One of the biggest petrochemical projects ever in Egypt, it will be situated at the southern end of the Suez Canal at Ain Sokhna. The scheme will comprise a 4 million tonnes per annum naphtha cracker and petrochemical plant, according to Project Finance International, a Thomson Reuters unit.
The 17-year debt facility is being provided by five organisations, Basil El-Baz, Carbon Holdings’ chief executive, told reporters on the sidelines of a press event in Abu Dhabi.
They are the Export-Import Bank of the United States, the Export-Import Bank of Korea, Korea Trade Insurance Corporation, Sace of Italy and the U.S. Overseas Private Investment Corporation.
“We are expecting to be in a position to sign all our debt facilities before the end of this year.

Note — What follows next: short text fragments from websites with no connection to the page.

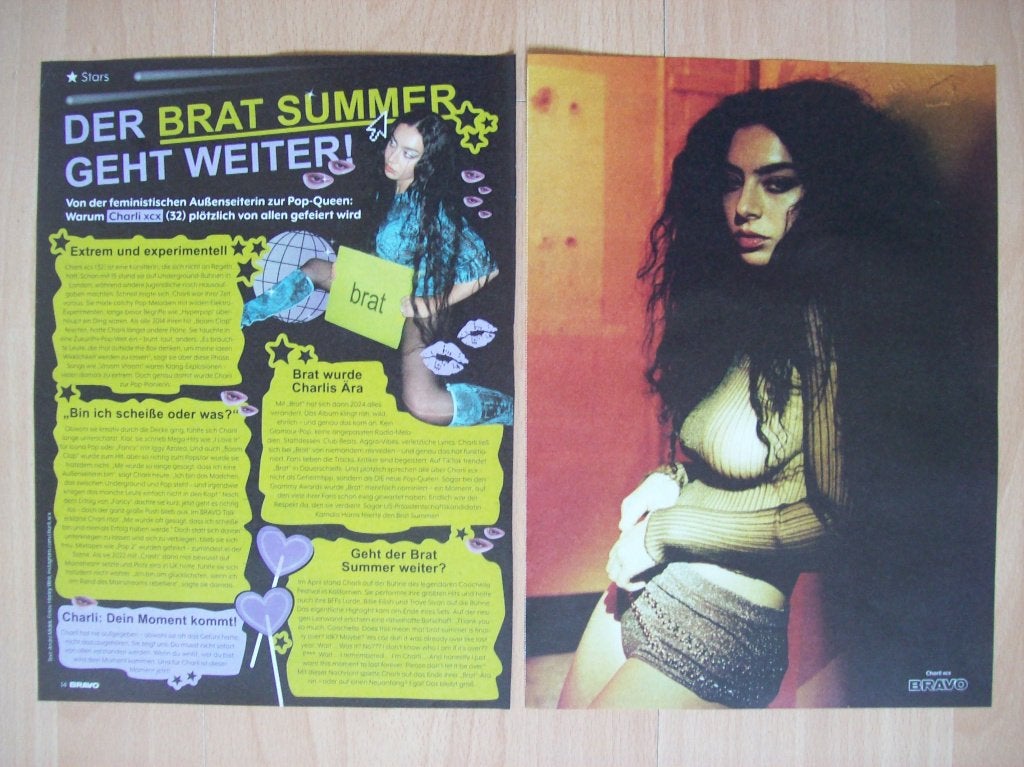 Poster + artikel van Charli XCX uit Duits tijdschrift Bravo, Ophalen of Verzenden, Nieuw, A4 of kleiner, Muziek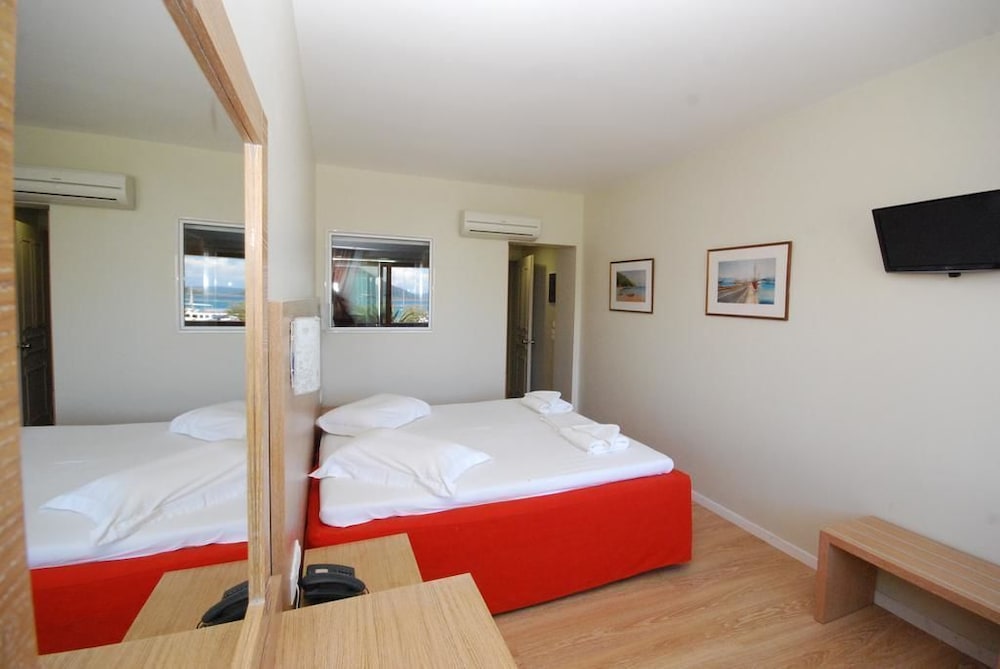 Lefkas Hotel 11/50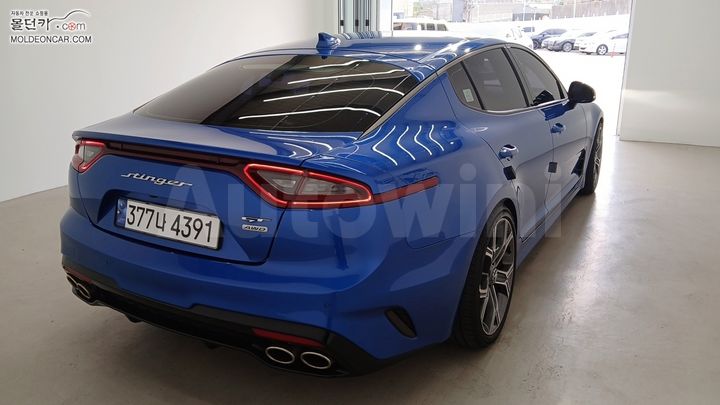 Kia Stinger 2018 KNAE751CDKS052865 — 2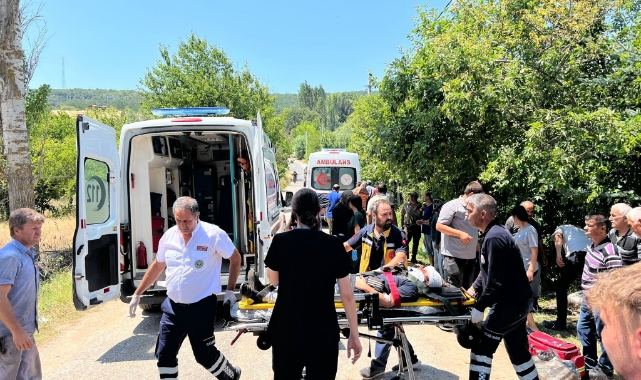 Kütahya'da motosiklet devrildi: 2 yaralı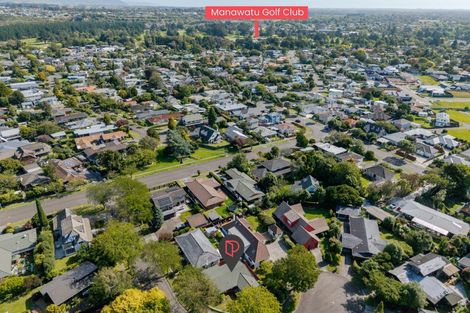 Photo of property in 17 Earl Place, Hokowhitu, Palmerston North, 4410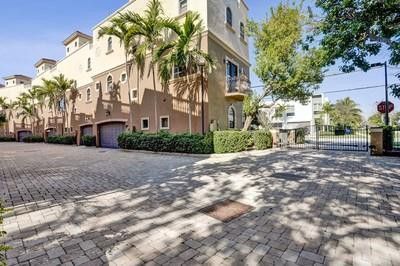 2260 SE 7 Street, Pompano Beach, FL 33062 Photo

We are at a very, very advanced stage of the project,” Baz said. He did not detail how the rest of the project cost would be met.
Baz added he expected construction of the scheme to begin in the first quarter of 2016, with the first products expected five years after that “if you want to be conservative”.
A consortium of Italy’s Maire Tecnimont, Dutch firm Archirodon, Korea’s SK E&C and Germany’s Linde are involved in building the plant, Baz said.